0 0
Read Time:7 Minute, 11 Second

by Victoria Howard

Since the onset of harness racing, certain women have made an impact: as trainers, drivers, veterinarians, caretakers, etc.

Undoubtedly, one of the most noted would be the late, great, Bea Farber aka/Queen Bea, who could outdrive most male drivers. When she retired in 1995, she had earnings of $9,094,683. (Remember, this was almost 30 years ago).

Yes, Bea Farber most certainly will be remembered by all as one of the sport’s all-time female superstars.

Farber set the way for women to shine in what was once considered a man’s sport. But that didn’t deter these gutsy, ambitious and innovative women; some who have even been inducted into the Harness Racing Hall of Fame.

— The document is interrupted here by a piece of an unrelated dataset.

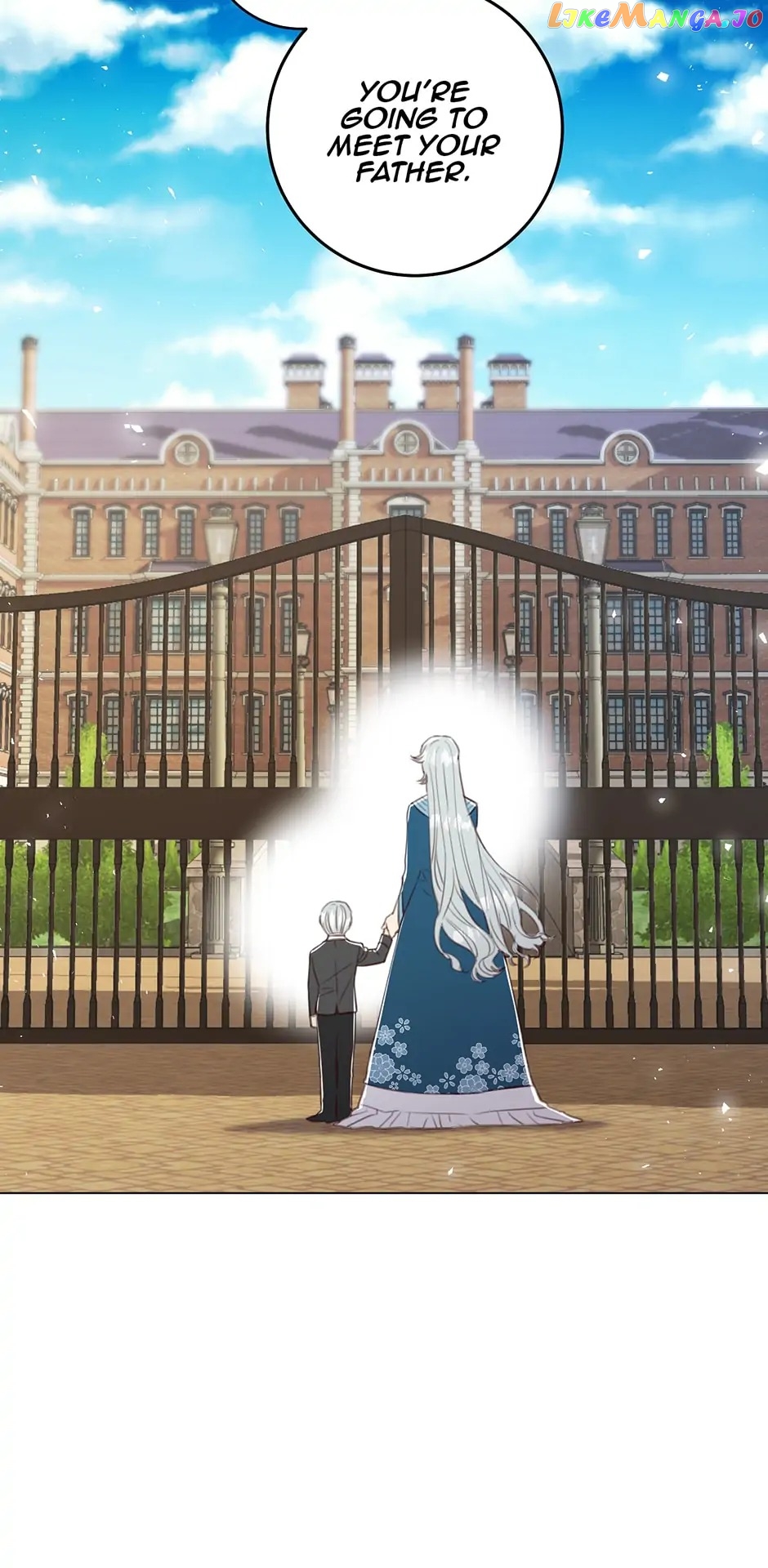 The Villain’s Aesthetics chapter 56 - page 25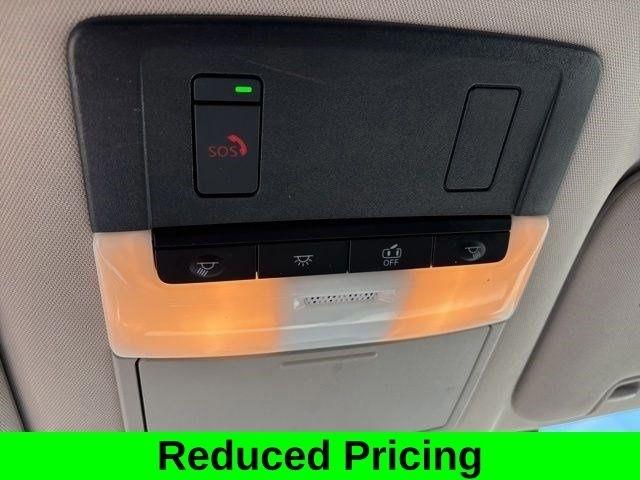 Nissan Pathfinder  2024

For example, Casie Coleman, who was inducted into the Cambridge (Ontario) Sports Hall of Fame.

Though it hasn’t been all smooth sailing, Coleman has defied the odds many times and in many ways.

Born in Sannich, British Columbia to Phil and Linda Coleman, Casie discovered her first ‘true love’ at a very early age for as soon as her little legs could move, she hit the ground running. Or shall I say, ‘pacing.’

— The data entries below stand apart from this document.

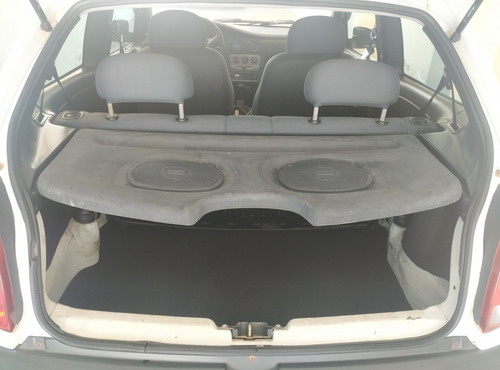 Chevrolet Celta 2002 1.0 3p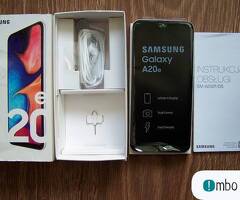 Samsung Galaxy A20e w idealnym stanie - 1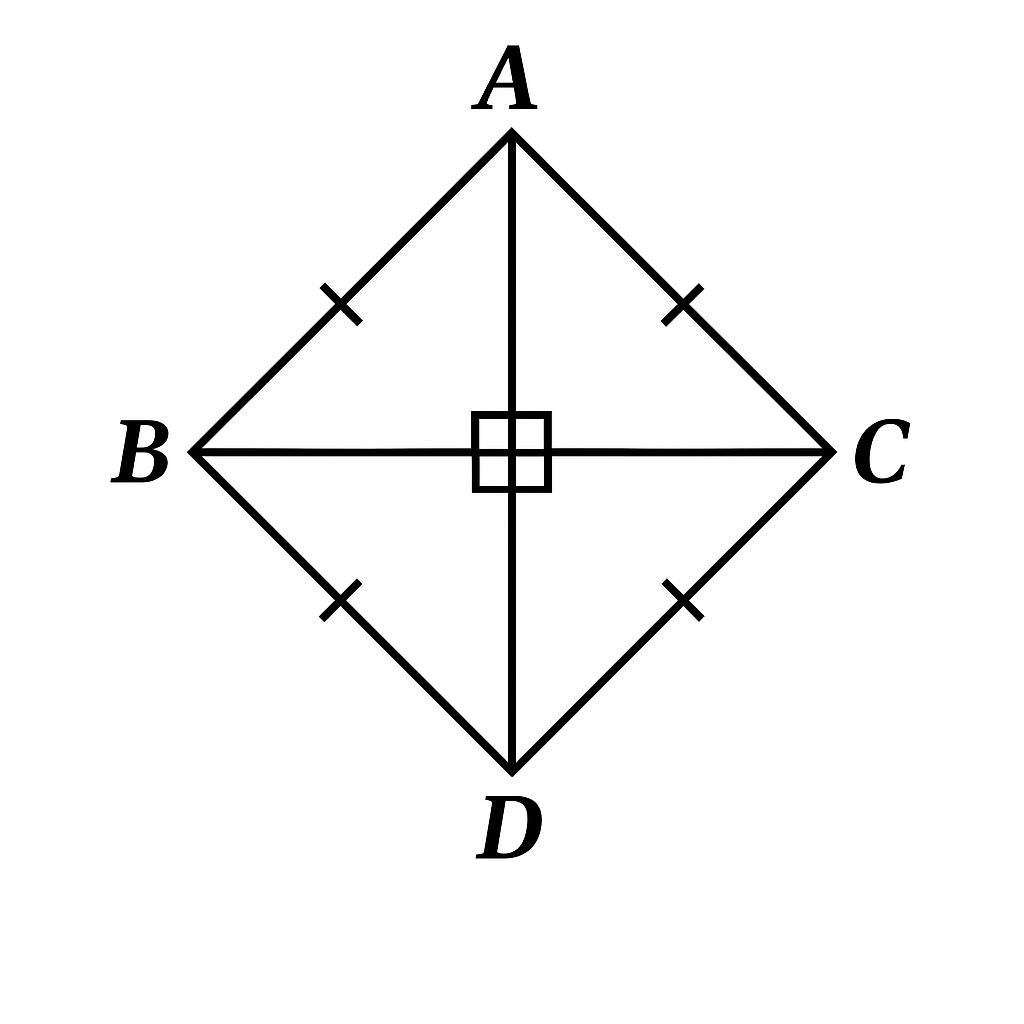 Quadrilateral analysis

“I was basically born and raised in a barn,” Casie said with a laugh. “In fact, my day care was in the shed row.

“My dad was always a standardbred horseman and mom came from the thoroughbred side. They met in California when the meet was switching from thoroughbreds to standardbreds and after becoming a team, together they trained horses at Fraser Downs in Surrey, BC.”

Casie not only inherited her dad’s passion for the business, but also followed one of her idols, Bea Farber.

“It’s funny but I always wanted to be a driver like Bea, not a trainer,” Casie said. “I thought training was boring and loved to drive, so initially I pursued that.”

But fate would change her course in life when Casie was involved in a horrific accident.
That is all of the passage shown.